#### Exercise goal:
Could you give the data below again exactly, apart from the pictures?

#### Records for the task:
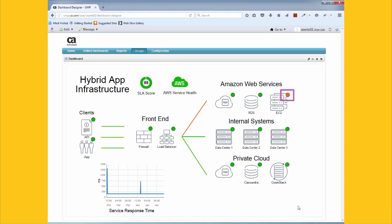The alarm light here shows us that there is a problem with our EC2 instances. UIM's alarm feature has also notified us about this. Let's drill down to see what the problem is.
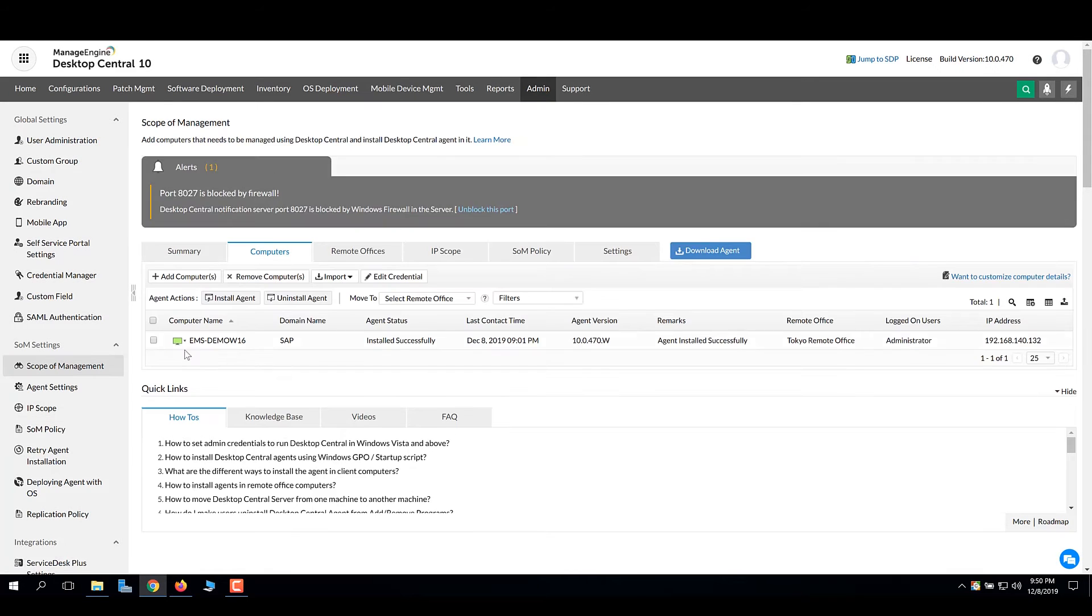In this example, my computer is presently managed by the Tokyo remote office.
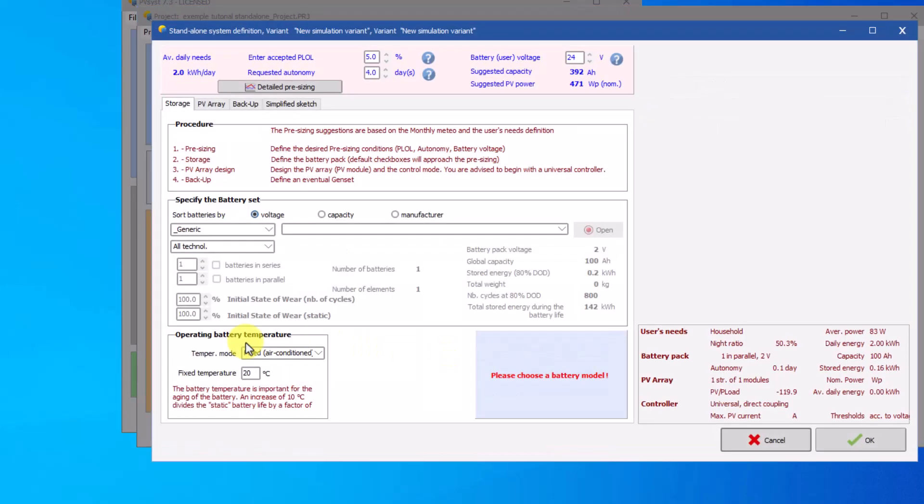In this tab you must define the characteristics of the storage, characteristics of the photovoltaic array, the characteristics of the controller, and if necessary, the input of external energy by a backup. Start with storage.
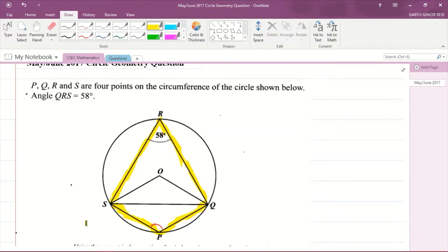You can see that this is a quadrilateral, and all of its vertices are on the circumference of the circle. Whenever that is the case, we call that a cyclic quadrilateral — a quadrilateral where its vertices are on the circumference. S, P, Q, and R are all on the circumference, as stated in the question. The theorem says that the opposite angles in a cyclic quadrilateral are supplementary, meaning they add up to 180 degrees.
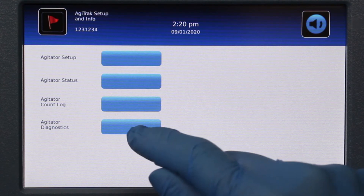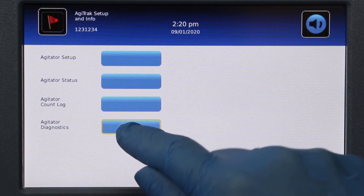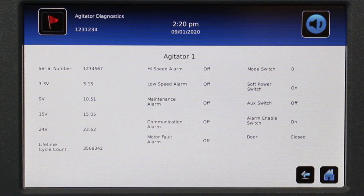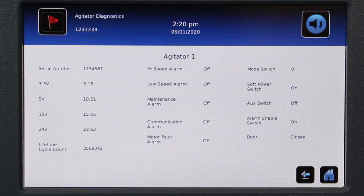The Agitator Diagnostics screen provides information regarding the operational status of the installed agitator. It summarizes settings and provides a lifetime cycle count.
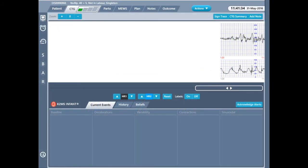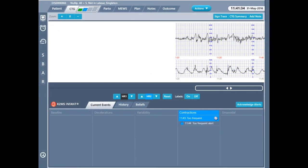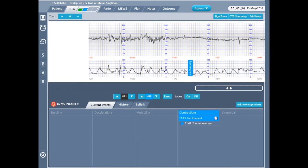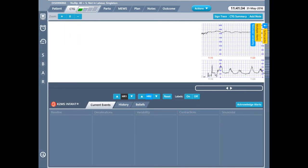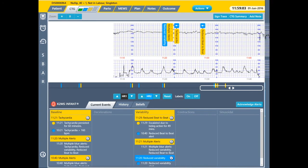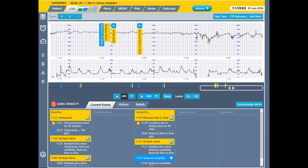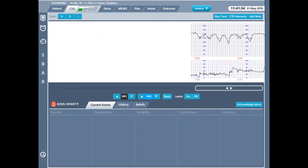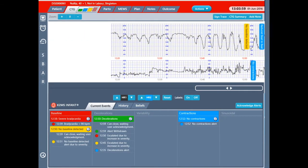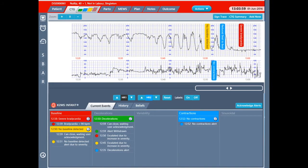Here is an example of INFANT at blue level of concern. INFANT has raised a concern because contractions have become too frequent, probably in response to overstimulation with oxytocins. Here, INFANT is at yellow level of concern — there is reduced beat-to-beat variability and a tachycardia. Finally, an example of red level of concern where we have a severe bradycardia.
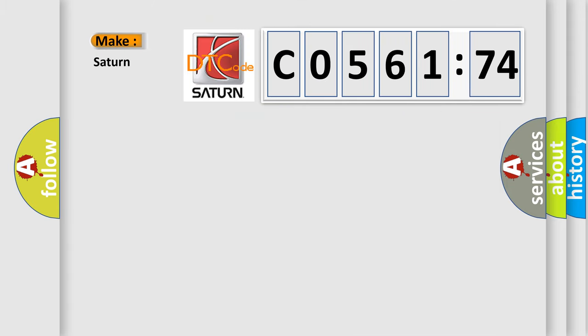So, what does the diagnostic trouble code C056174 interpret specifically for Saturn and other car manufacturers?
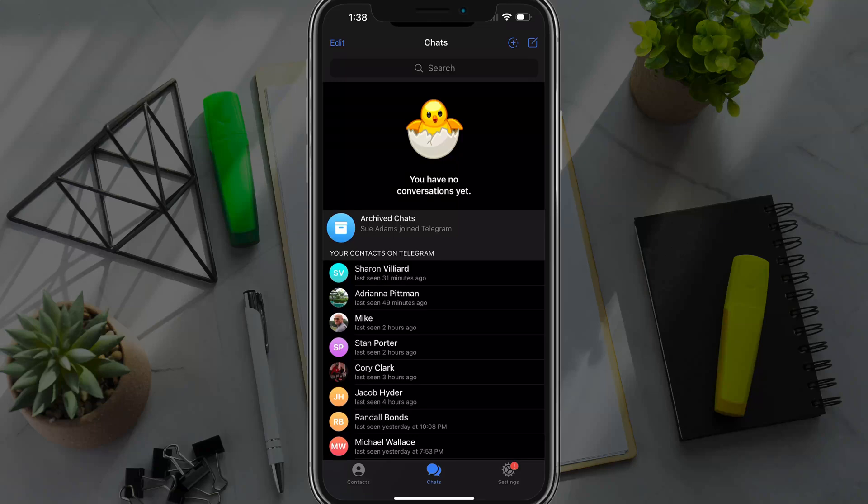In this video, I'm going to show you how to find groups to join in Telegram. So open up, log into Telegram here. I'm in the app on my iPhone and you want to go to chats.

#### Solution for this exercise:
The alarm light here shows us that there is a problem with our EC2 instances. UIM's alarm feature has also notified us about this. Let's drill down to see what the problem is.
In this example, my computer is presently managed by the Tokyo remote office.
In this tab you must define the characteristics of the storage, characteristics of the photovoltaic array, the characteristics of the controller, and if necessary, the input of external energy by a backup. Start with storage.
You can see that this is a quadrilateral, and all of its vertices are on the circumference of the circle. Whenever that is the case, we call that a cyclic quadrilateral — a quadrilateral where its vertices are on the circumference. S, P, Q, and R are all on the circumference, as stated in the question. The theorem says that the opposite angles in a cyclic quadrilateral are supplementary, meaning they add up to 180 degrees.
The Agitator Diagnostics screen provides information regarding the operational status of the installed agitator. It summarizes settings and provides a lifetime cycle count.
Here is an example of INFANT at blue level of concern. INFANT has raised a concern because contractions have become too frequent, probably in response to overstimulation with oxytocins. Here, INFANT is at yellow level of concern — there is reduced beat-to-beat variability and a tachycardia. Finally, an example of red level of concern where we have a severe bradycardia.
So, what does the diagnostic trouble code C056174 interpret specifically for Saturn and other car manufacturers?
In this video, I'm going to show you how to find groups to join in Telegram. So open up, log into Telegram here. I'm in the app on my iPhone and you want to go to chats.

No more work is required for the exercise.